Last summer’s poor salmon run forced Yukon villagers to call for emergency shipments of food aid.

“Commercial fishing is the only identified industry in the region that brings new money into the economy,” wrote Parnell.

Residents on the lower Yukon have “a total reliance on one resource for food and income,” said Crome.

“You have very limited alternate employment opportunities, not a lot of other things going on in the economy of the region, high cost of living - these folks have been hit very hard,” she said.

The estimated average household income for the lower Yukon River is $31,866.

By contrast, the US-wide median income is $50,233.

“(The lower Yukon) is one of the poorest regions in the entire US,” said John Halsinger, the director of commercial fisheries for the Alaska Department of Fish and Game.

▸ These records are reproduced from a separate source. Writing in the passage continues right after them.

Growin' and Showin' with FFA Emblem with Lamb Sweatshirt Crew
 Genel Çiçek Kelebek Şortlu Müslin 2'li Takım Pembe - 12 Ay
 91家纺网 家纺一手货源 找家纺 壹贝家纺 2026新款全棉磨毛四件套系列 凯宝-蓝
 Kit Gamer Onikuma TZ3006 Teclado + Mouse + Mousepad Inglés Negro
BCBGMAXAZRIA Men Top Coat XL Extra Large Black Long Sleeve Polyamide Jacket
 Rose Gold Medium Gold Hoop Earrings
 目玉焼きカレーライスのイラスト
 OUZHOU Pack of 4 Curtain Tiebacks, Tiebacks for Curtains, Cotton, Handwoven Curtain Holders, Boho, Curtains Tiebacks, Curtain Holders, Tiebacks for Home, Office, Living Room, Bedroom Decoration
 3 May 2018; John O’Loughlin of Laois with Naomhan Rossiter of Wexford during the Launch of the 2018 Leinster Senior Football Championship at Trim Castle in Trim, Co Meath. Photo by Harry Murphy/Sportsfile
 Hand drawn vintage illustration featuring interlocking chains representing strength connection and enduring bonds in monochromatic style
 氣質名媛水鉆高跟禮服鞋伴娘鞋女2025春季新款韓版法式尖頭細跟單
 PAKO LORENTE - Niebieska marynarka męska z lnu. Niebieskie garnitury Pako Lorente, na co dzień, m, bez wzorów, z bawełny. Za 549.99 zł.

On top of that, villagers face extremely high living costs.

A four-litre jug of milk can cost $15.

Fuel is more than $2 a litre.

“This combination of factors makes the loss of income from the commercial fishery critical,” wrote Parnell.

For isolated Yukon River villages, salmon is often the only hope of bringing in an income.

“Subsistence and commercial fishing are really the backbone of the economy for the entire Yukon River on the US side,” said Halsinger.

“There really isn’t a lot of opportunity for Yukon River villagers to shift over into other ways of earning a living,” he said.